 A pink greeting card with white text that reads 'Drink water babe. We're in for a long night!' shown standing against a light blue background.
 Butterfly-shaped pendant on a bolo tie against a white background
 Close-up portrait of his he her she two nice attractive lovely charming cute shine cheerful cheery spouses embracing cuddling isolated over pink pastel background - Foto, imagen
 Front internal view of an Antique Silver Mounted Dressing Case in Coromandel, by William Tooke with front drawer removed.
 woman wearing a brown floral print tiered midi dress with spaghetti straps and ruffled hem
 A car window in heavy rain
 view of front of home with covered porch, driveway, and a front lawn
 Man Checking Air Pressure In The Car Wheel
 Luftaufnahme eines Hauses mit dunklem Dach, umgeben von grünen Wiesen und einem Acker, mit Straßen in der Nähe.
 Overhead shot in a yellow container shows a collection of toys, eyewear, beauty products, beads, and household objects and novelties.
════════════════════
Each line in the data that holds the word "pink" must be copied.

 A pink greeting card with white text that reads 'Drink water babe. We're in for a long night!' shown standing against a light blue background.
 Close-up portrait of his he her she two nice attractive lovely charming cute shine cheerful cheery spouses embracing cuddling isolated over pink pastel background - Foto, imagen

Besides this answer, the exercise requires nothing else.